Westchester County officials said Sunday they were terminating a deal with a private company to manage Playland, the county's landmark amusement park.
County Executive George Latimer accused Standard Amusements of wasting taxpayer money and spending it in ways that weren't allowed in the agreement.
Standard Amusements said Latimer's decision "is deeply disappointing and devastatingly false."
The company was going to invest millions of dollars and add attractions including a water park for children under the deal, which was made by Latimer's predecessor.
"Standard Amusements’ perfectly valid conduct was never controversial under the prior Administration, and this move is nothing more than a means to improperly terminate a thirty year contract that was twice approved by super majorities of the Westchester Board of Legislators," the company said in a statement Monday. "It exposes taxpayers to hundreds of millions of dollars in losses from Playland’s extensive capital needs and needless litigation. The Administration has been negotiating in bad faith and, despite numerous requests, Mr. Latimer has been unwilling to meet with Standard Amusements since November 2018."

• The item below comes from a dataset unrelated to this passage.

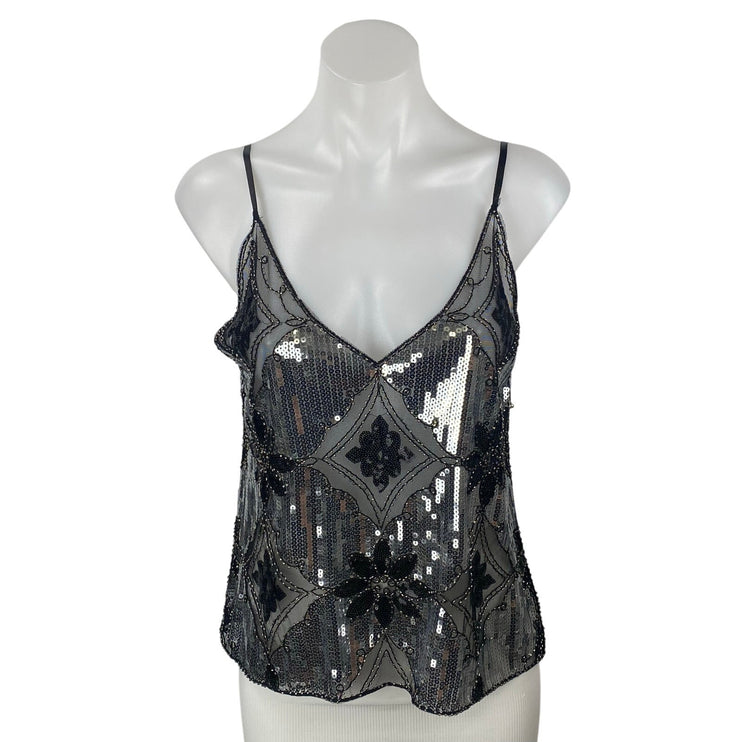 Women's Black Sequin Sparkly Sleeveless V Neck Cami Camisole Tank Top Size M/L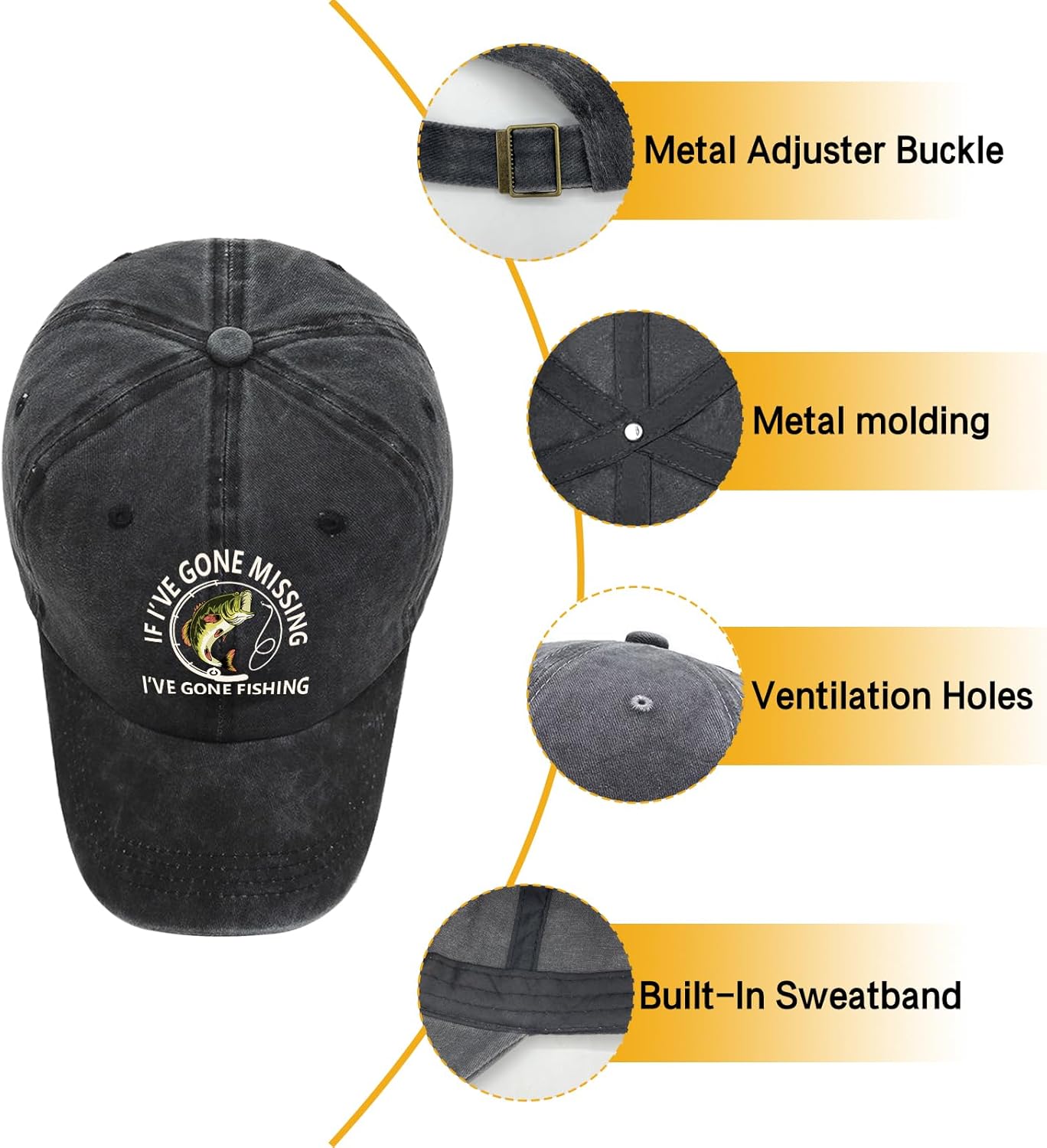 If I've Gone Missing,I've Gone Fishing,Funny Baseball Caps, Personalized Hats, Adjustable Cotton Baseball Caps,Gifts for Fishing Enthusiasts,Visors for Anglers,for Outdoor Athletes Dark Grey - Image 5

"This course of action also directs attention away from the County’s complete mishandling of food safety, failure to secure the wooden Dragon Coaster, and lack of proper fire suppression technology at Playland," the statement said.
Playland is the largest government-run amusement park in the country. It served as the backdrop for parts of the Tom Hanks movie "Big." The park, often called Rye Playland, includes a celebrated wooden Dragon coaster and tame Kiddyland rides.
Standard Amusements said it has worked for nearly a decade and spent more than $10 million to save Playland. It said Monday it remains more committed "than ever to restoring Playland to its former glory."